Small Town Math
It’s insane but I must drive 17 miles one way to the grocery store for three items: wine, chocolate, and tampons. I am grumpy about this fact and grumpy about the cute couple ahead of me in line, and grumpy for no good goddamned reason. If you can’t tell why I was grumpy based on the three-item list, well, then—duh.
I am inside the grocery store for all of four minutes because I know exactly what I want, where it is, and who the fastest checkers are. During the course of these four minutes I see six people that I know. I skirt the first one (mother of a kid I used to teach) by fishing through my purse as though I’m looking for my grocery list. Turning down Aisle 4, I catch the profile of a glass blower I know, pivot on my heels, and head for the wine section instead. On my way to the wine, I see a fellow writer and her husband. Her nose is in Good Housekeeping and he’s trying to get her attention, “Honey! Honey? Do you have the Ingles advantage card with you?” I see the last two staring into the Breyer’s case in the frozen section and scoot by, looking up at the FROZEN PIZZAS sign opposite where they stand.

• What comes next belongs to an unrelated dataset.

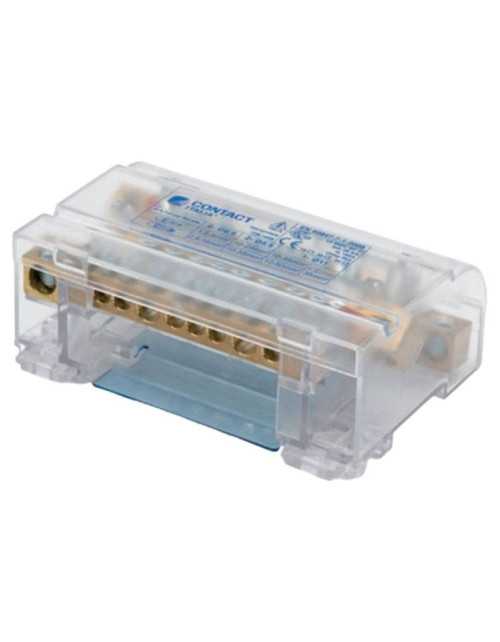 Contacto 4P 160A Bornera modular tetrapolar de 9 orificios CM1609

Six people! That’s 1 1/2 as many people as minutes that I spend in the store. That’s twice as many minutes as items on my list. That’s equal to the number of minutes it takes me to run one leg of the Bakersville Creek Walk. That’s one more minute than there are squares of chocolate in the teensy Dove dark bar that I buy, guiltily, thinking all the while of the Pine Tree test.